En vérité, cette culture de la cachotterie institutionnalisée est bien commode pour dissimuler les petites gaffes comme les grosses erreurs. D'ailleurs, cela sert assez mal la Caisse. On l'a par exemple critiquée d'avoir spéculé sur les devises l'an dernier, alors que la Caisse avait couvert ses investissements immobiliers à l'étranger contre les fluctuations adverses des devises, conformément à sa politique établie.

La transparence va bien au-delà d'une divulgation plus fréquente (deux fois par année, peut-être) des résultats réclamée par nombre de journalistes. Le vérificateur général du Québec doit pouvoir mettre son nez dans les affaires de la Caisse afin d'examiner la gestion de l'institution, comme c'est le cas partout ailleurs au Canada.

L'argument selon lequel le vérificateur n'a pas l'expertise pour apprécier la gestion de la Caisse est pure foutaise. D'une part, le vérificateur peut faire appel à des consultants externes. D'autre part, si les modèles mathématiques et les produits financiers structurés sont trop complexes à comprendre pour le vérificateur général, c'est peut-être parce que le Québec devrait s'en méfier...

L'indépendance de la Caisse

Les libéraux ont voulu affirmer l'indépendance de la Caisse en réformant sa gouvernance en 2004. Mais comme tous l'ont constaté avec le psychodrame de la nomination et du départ précipité de Richard Guay, cette indépendance est un mythe.

La ministre des Finances semble maintenant l'admettre à mots couverts, alors qu'elle prône la nomination d'un sous-ministre aux Finances au conseil de la Caisse. Mais si ce sous-ministre a un poste d'observateur et qu'il tient le gouvernement mieux informé, où est le mal? La proposition a au moins le mérite de couper court à l'hypocrisie.

Au lieu de prétendre à l'indépendance, la Caisse devrait plutôt entretenir une saine distance avec le gouvernement. Cela sera possible si sa mission est clairement axée sur le rendement plutôt que sur des investissements au Québec offrant un moins grand potentiel de rendement. Un seul principe doit guider la Caisse: est-ce le meilleur endroit où investir, compte tenu des risques?

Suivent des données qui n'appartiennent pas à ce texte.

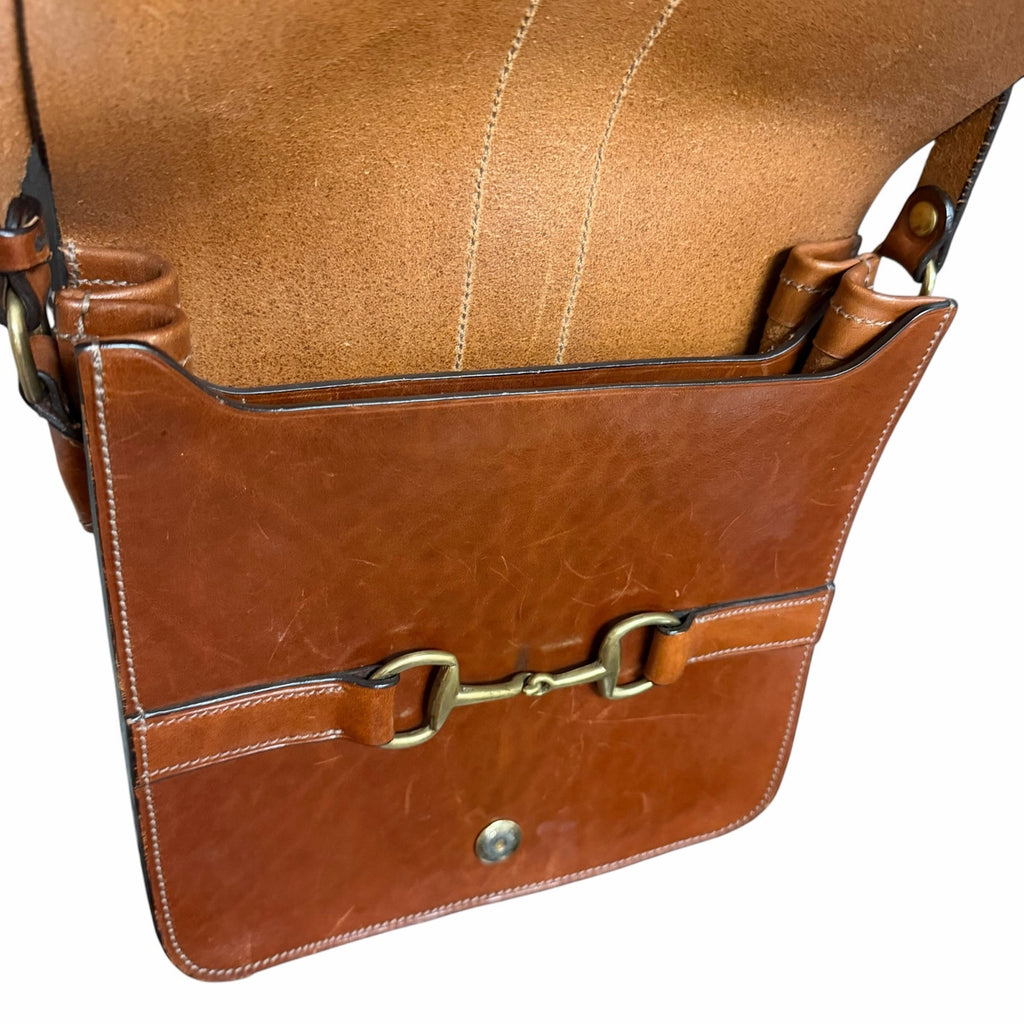 Freedman Large Snaffle Bit Shoulder Bag Chesnut Brown Glazed Leather Equestrian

Cette distance sera plus facile à maintenir si les administrateurs de la Caisse ont l'expertise et l'ascendant pour contester la direction, avec l'appui du vérificateur général. À cette fin, il faudrait limiter autant que possible les nominations statutaires et rechercher les meilleurs candidats, sans égard à leur affiliation.

La mission de la Caisse

Les déboires de la Caisse en 2008 ont donné des munitions à ceux qui privilégient l'investissement au Québec au détriment de placements qui sont fonction du rendement.

Mais la Caisse n'a pas dérapé parce qu'elle privilégiait le rendement. Elle a dérapé parce qu'elle recherchait le rendement à tout prix, sans égard aux risques subis. Son problème en est donc un de gestion du risque. Et n'en déplaise à plusieurs, cela ne se corrige pas en changeant la mission de la Caisse.